*SUPPLIED INFORMATION*:
|---|
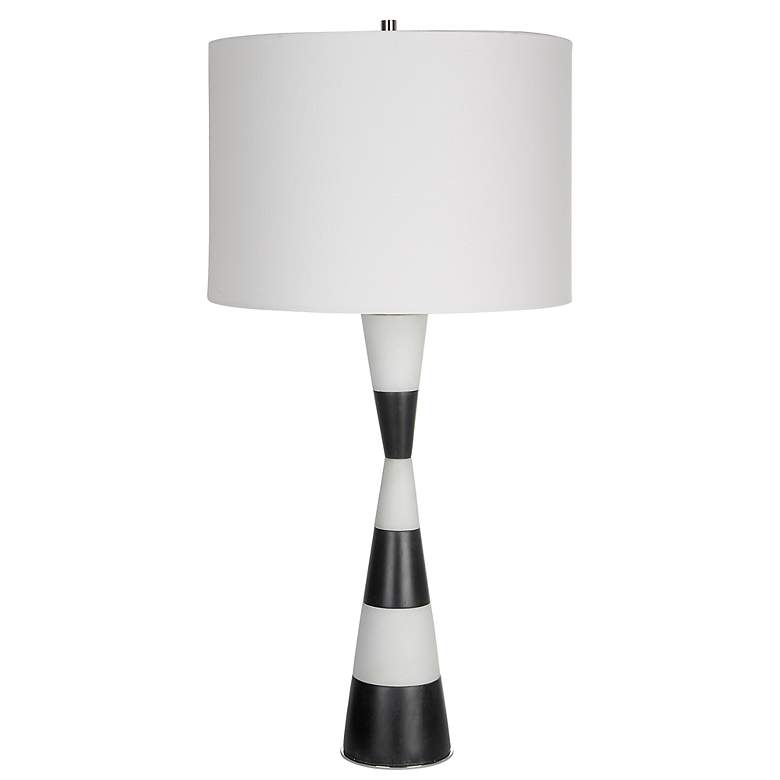Image 4 Uttermost Bandeau 29 1/2" Banded Black White Stone Table Lamp more views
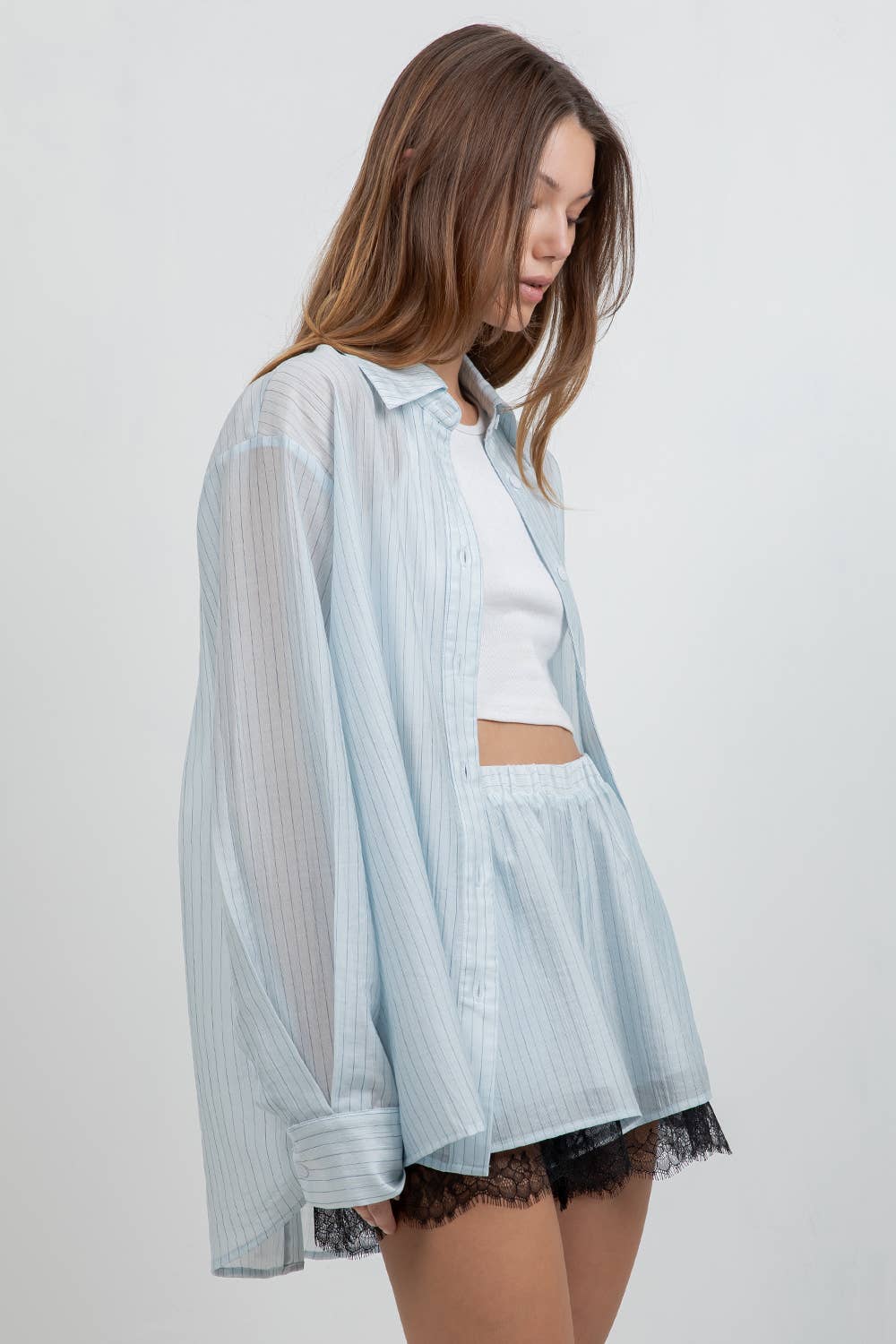Light blue striped lace contrast short set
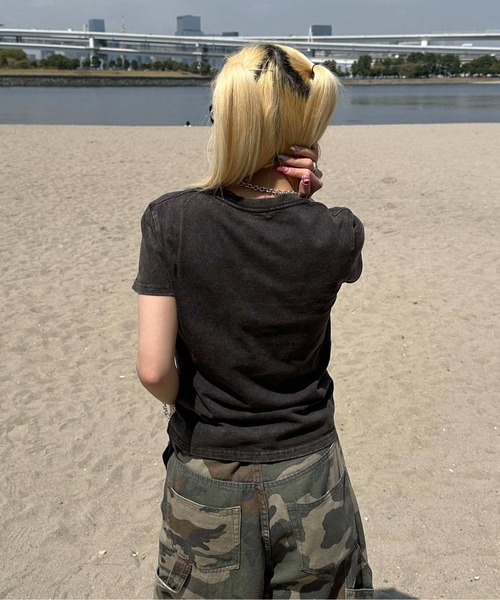 sedacle girl（セダクルガール）の「スカルプリント加工T（Tシャツ/カットソー・レディース・ボルドー/ブラック・SMALL/MEDIUM）」の7枚目の写真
|---|
*YOUR GOAL*:
Pictures do not belong in the copy; repeat the rest of the listing exactly.

*YOUR RESPONSE*:
Image 4 Uttermost Bandeau 29 1/2" Banded Black White Stone Table Lamp more views
Light blue striped lace contrast short set
 sedacle girl（セダクルガール）の「スカルプリント加工T（Tシャツ/カットソー・レディース・ボルドー/ブラック・SMALL/MEDIUM）」の7枚目の写真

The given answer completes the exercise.